After that, I walked back in the city, and followed one the "10 000 steps" walks that Esperance suggests to its inhabitants to stay fit and be active, which led me to West Beach.
one of the many perfect beaches in WA
Albany
I didn't stay much in Albany, because the weather wasn't very nice at that time, but compared to Esperance, it is a bit livelier, and the city is proud of its "First Settlement" origins. Also, there is a bit more to see, as the city is caught between the coast and the mountains. Fun fact, from Albany on, I mostly met backpackers at the end of their first WHV, waiting on their second one, as if Western Australia was left for the end of the trip.

Margaret River
The road from Albany to Margaret River (via Bunburry) was beautiful. Once again, Highway 1 didn't disappoint, and you drive along impressive Karri forests. And once in Margaret River, well, you quickly realize there is so much to do here! Surfing (of course), skate boarding, horse riding, rock climbing, abseiling, caving, trekking... And for WHV holders, it is also well organized for work in vineyards.

I personally chose a full day tour with rock climbing and abseiling around the Tourist Drive 250 and the Leeuwin Naturaliste National Park. First we went climbing on the Wilyabrup cliffs, right in the middle of the Cape to Cape trail, with a beautiful coastal landscape.

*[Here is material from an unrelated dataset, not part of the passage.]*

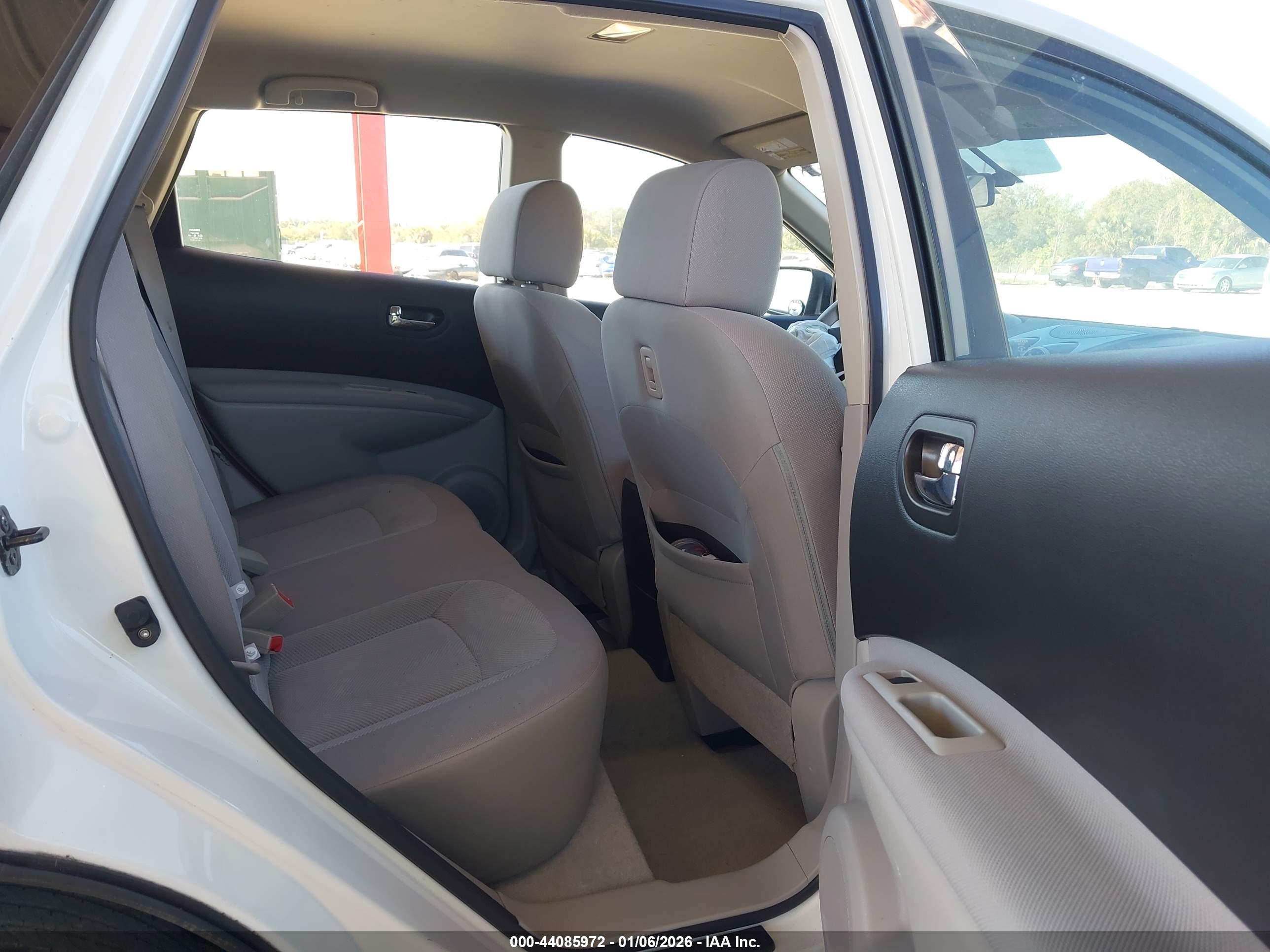 NISSAN ROGUE image 8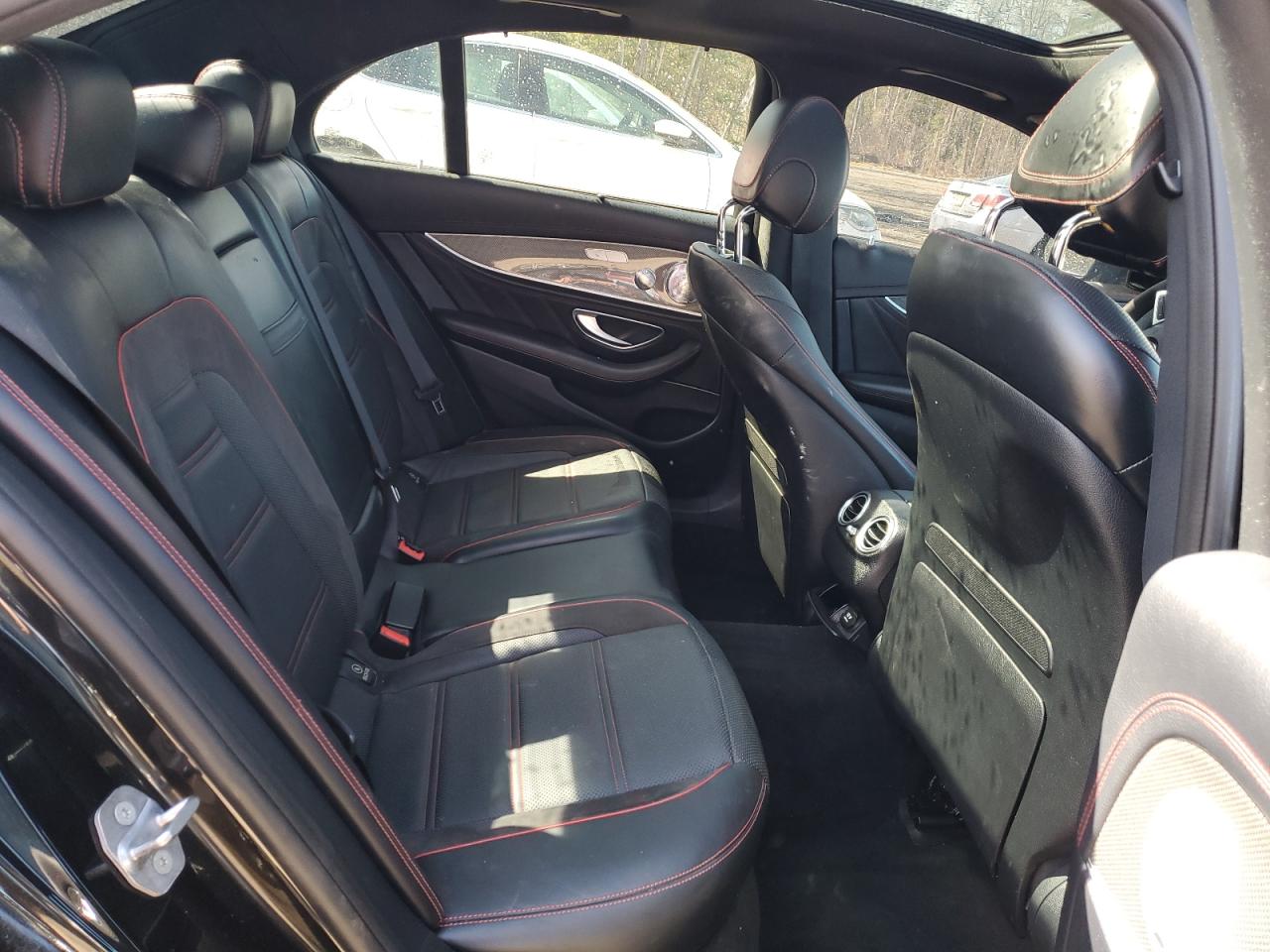 2018 Mercedes-Benz E 43 4Matic Amg VIN: WDDZF6EB4JA300192 Lot: 50966155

We then had lunch at Cowaramup Bay, in Gracetown, a good spot for surfing - and spotting dolphins very close to the shore!
In the afternoon, we went abseiling in one of the 290 caves in the Leeuwin Naturaliste NP, a cave called Bride Cave only accessible via abseiling, and it was gorgeous, like an untouched patch of Earth full of history... Even though the Fossil Cave in Naracoorte was more glamourous, this experience is one of the best I had of the Green South.


Fremantle
Fremantle is a pretty suburban harbor south of Perth, accessible via TransPerth train (11$ return) or via the river ferry (much more expensive, but apparently worthwhile). The city is charming, but should not take more than a day trip from Perth. The real attraction (to me, anyway) was the Little Creatures brewery, which offers visits of the brewery (at 1, 2 and 3 PM), and a good Beer and Food experience at the edge of the harbor.

Perth
I must say that I didn't enjoy Perth as much as I should have.
On my first stop there, I went to an orchestra performed by the Western Australia Orchestra, which was quite good.
On my second stop, one of the friends I made earlier took me to the Hillarys and woodvale, with a great atmosphere.
On my third stop, I decided to try an indoor climbing structure called Hangout in Bayswater, a nice and quiet neighborhood.
Just like Melbourne, I think Perth is a city you really discover when you actually live in it. I only saw a bit of it, but I found it very promising.